Cloud Computing. Quando abbiamo iniziato a parlarne probabilmente nemmeno noi ci aspettavamo un evoluzione così veloce delle cose. Ne sanno qualcosa ad esempio gli utenti Microsoft, che potrebbero veder arrivare al più presto Office 365 e ancor di più lo sanno tutti quelli che negli ultimi mesi si sono avvicinati ad iCloud di Apple
Del resto si sa, l’azienda di Cupertino ama arrivare sempre per prima ed, ovviamente, anche con questa nuovissima tecnologia è stata di parola. Come spesso accade, ora che, soprattutto tramite Android, Google è riuscita a fare breccia anche nel cuore degli appassionati di Apple, il dubbio di tanti lettori ed utenti è relativo a quale operatore scegliere per avvicinarsi al mondo del cloud.
Certo, forse sarebbe bene che tutti si avvicinassero con cautela a questa grande novità e provassero a comprendere bene le implicazioni relative alla tutela dei propri dati personali e del proprio materiale.

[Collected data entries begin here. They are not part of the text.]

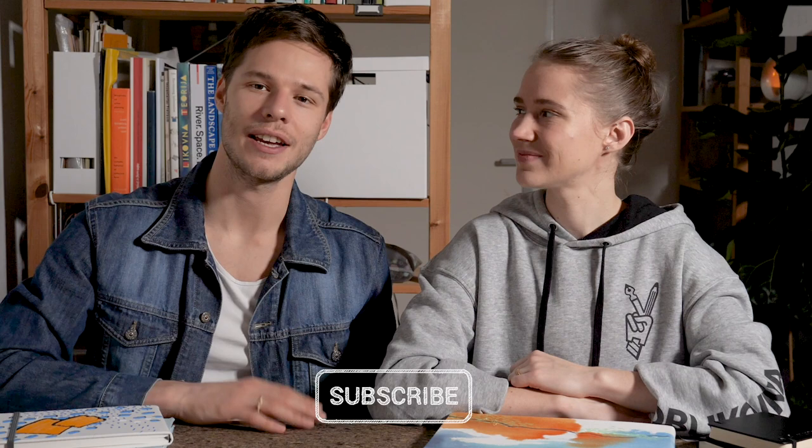Hey there, Linescapers! If it's your first time here, then welcome, and if you already are a Linescaper, then welcome back. In any case, be sure to subscribe — it would make us super happy. The tip we have for you today is: paint the covers of your sketchbook.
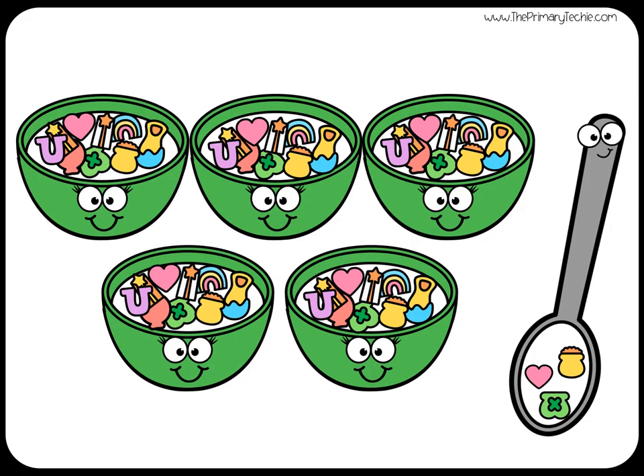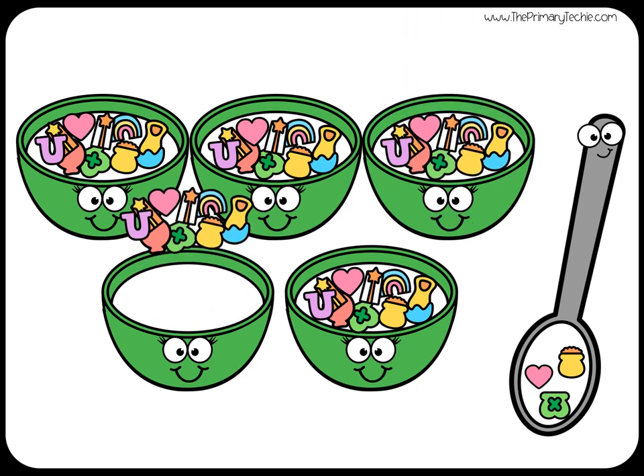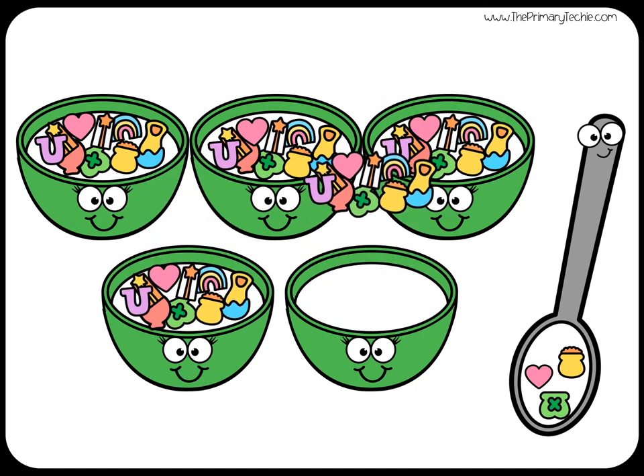How many marshmallows are there? Write it. Check it. 10, 20, 30, 40, 50.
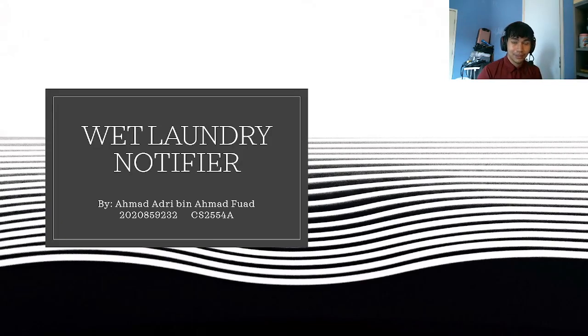Bismillahirrahmanirrahim. Assalamualaikum madam. My name is Ahmad Adrie bin Ahmad Fuad and today I will be presenting my mini project, which is a wet laundry notifier.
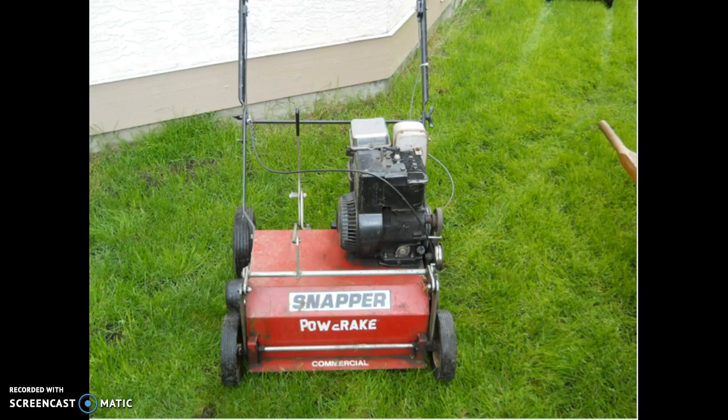Once the moss control has been applied to your lawn and the moss turns black, we now know it is dead. A power raker is used. A power raker readies a lawn for new and healthy growth of the grass by removing dead moss, dead grass also known as thatch, and weeds.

Parliamoci chiaro: la possibilità che offre il cloud computing è, da un dato punto di vista, notevole: poter smaterializzare il proprio lavoro e ritrovarlo da qualsiasi postazione, è qualcosa di inimmaginabile fino a poco tempo fa.
In questo modo potrebbero andare in pensione migliaia di memorie esterne di diverso tipo. Ma a che prezzo? Essendo una novità, infatti, non è ancora tutto ben chiaro e, dunque, non è dato sapere se i nostri materiali virtuali potrebbero poi finire alla mercé di chiunque.
Del resto, già il fatto che Apple o Google o chi per essi possano avere accesso ai nostri dati personali ed al frutto del nostro lavoro, non è proprio una cosa positiva. Così come non lo è che la stessa cosa la facciano i social network. Arrivati a questo punto, ci si attende che sia la Legge a disciplinare un contesto ancora troppo pieno di dubbi.